Data excerpts:
##############################
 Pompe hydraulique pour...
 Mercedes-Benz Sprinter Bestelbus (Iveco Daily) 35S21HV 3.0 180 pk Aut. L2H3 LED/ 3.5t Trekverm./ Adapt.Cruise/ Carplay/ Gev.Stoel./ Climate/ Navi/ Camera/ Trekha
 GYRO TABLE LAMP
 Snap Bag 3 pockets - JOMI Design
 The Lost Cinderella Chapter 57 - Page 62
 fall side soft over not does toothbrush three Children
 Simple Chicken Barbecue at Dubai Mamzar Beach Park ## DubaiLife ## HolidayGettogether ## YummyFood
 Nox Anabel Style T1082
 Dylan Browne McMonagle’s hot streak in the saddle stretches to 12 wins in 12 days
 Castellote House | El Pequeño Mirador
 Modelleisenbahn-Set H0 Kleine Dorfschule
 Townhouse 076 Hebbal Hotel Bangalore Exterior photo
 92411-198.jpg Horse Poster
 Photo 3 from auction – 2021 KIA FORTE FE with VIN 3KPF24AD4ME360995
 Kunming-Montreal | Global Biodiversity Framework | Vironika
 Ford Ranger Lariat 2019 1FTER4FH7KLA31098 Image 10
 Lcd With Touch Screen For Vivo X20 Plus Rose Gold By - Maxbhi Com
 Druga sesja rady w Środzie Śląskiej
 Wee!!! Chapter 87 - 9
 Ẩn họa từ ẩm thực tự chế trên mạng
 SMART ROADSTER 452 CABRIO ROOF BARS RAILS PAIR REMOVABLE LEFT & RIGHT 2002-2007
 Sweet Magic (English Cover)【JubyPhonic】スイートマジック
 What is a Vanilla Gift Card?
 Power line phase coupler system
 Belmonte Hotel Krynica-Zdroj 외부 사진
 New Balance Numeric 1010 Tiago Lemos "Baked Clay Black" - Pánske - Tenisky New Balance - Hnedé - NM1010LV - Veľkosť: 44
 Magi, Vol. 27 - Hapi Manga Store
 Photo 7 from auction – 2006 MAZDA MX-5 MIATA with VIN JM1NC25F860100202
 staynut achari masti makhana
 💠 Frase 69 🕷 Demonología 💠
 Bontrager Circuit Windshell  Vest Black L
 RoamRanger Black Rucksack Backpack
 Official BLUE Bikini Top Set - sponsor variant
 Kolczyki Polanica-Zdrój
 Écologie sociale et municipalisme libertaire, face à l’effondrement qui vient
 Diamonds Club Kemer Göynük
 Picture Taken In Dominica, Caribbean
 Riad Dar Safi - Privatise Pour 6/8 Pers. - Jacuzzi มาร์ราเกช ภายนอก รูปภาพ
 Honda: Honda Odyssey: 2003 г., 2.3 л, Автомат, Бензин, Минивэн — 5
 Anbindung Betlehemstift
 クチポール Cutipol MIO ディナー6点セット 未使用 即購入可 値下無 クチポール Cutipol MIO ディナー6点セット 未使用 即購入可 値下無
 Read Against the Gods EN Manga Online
##############################
§ ABOUT THIS EXERCISE
Reproduce verbatim the stretch of lines beginning with the one containing "Picture Taken In Dominica, Caribbean" and ending at the close of the entries above.

§ SOLVED PROBLEM
 Picture Taken In Dominica, Caribbean
 Riad Dar Safi - Privatise Pour 6/8 Pers. - Jacuzzi มาร์ราเกช ภายนอก รูปภาพ
 Honda: Honda Odyssey: 2003 г., 2.3 л, Автомат, Бензин, Минивэн — 5
 Anbindung Betlehemstift
 クチポール Cutipol MIO ディナー6点セット 未使用 即購入可 値下無 クチポール Cutipol MIO ディナー6点セット 未使用 即購入可 値下無
 Read Against the Gods EN Manga Online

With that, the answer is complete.